[Data segment]:
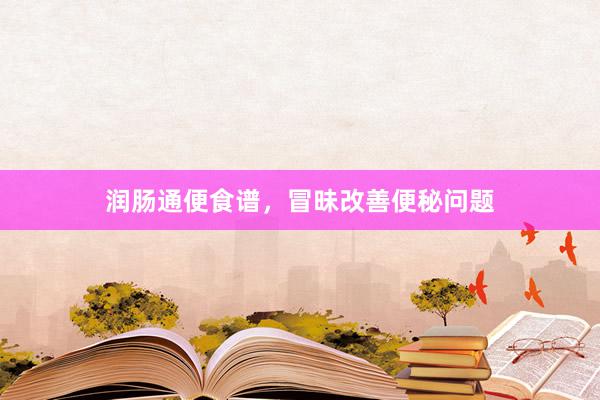 润肠通便食谱，冒昧改善便秘问题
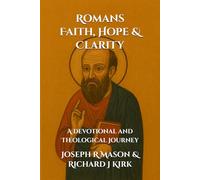 Romans - Faith, Hope & Clarity: A Devotional and Theological Journey (New Testament Theology)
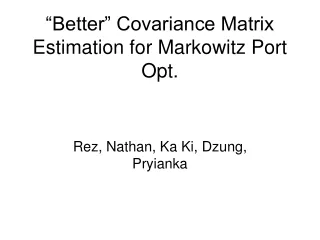 “Better” Covariance Matrix Estimation for Markowitz Port Opt.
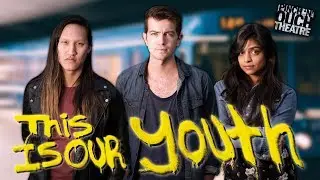 I'M IN A PLAY!!! This Is Our Youth By Kenneth Lonergan  - Thien Vuong, Derek Evans, Annie Jacob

[Problem to solve]: Retype each line above precisely, please. Skip anything that is a picture.

[Completed exercise]:
 润肠通便食谱，冒昧改善便秘问题
 Romans - Faith, Hope & Clarity: A Devotional and Theological Journey (New Testament Theology)
 “Better” Covariance Matrix Estimation for Markowitz Port Opt.
 I'M IN A PLAY!!! This Is Our Youth By Kenneth Lonergan  - Thien Vuong, Derek Evans, Annie Jacob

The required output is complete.